But Félix figures only in a final section. Taking center stage this time are step-siblings Guillaume (Théodore Pellerin) and Charlotte (French actress Noée Abita). Their separate amorous troubles alternate, along with frequent recourse to dance scenes depicting teen revelry. Central are doings at Guillaume's posh all-male boarding school, eventually involving a fourteen-year-old named Alexis (Antoine Marchand-Gagnon), who develops too much of an attraction to Guillaume, just as Guillaume becomes dangerously enamored of his best friend, Nicolas (Jules Roy Sicotte). Some scenes take place at the school dormitory, others at night when drinking has gone on. Charlotte wavers between her steady, Maxime (Pier-Luc Funk from
The Demons), and several older guys, who prove untrustworthy, to put it mildly.
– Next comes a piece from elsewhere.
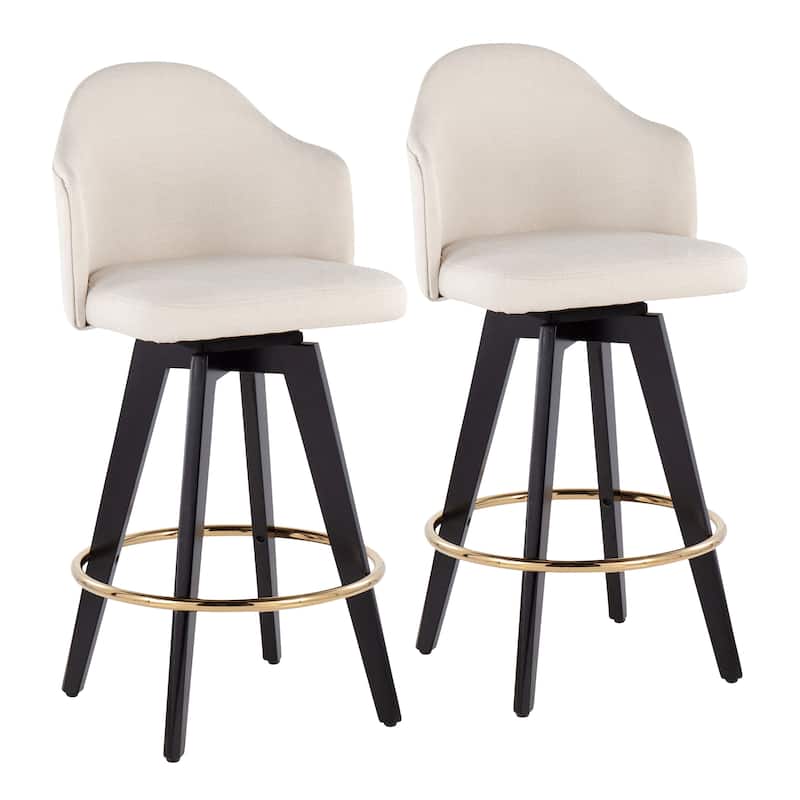 Carson Carrington Valsatra 26" Upholstered Counter Stool with Black Wood Base (Set of 2)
There are some arresting classroom scenes at Guillaume's school, mainly involving Guillaume and his homeroom teacher, Perrier (Paul Ahmaranii), who not only talks frankly to the class about sex, but harshly critiques certain of his charges, particularly Guillaume. On one occasion he encourages Guillaume to do a lengthy imitation of himself, on others he abuses the boy.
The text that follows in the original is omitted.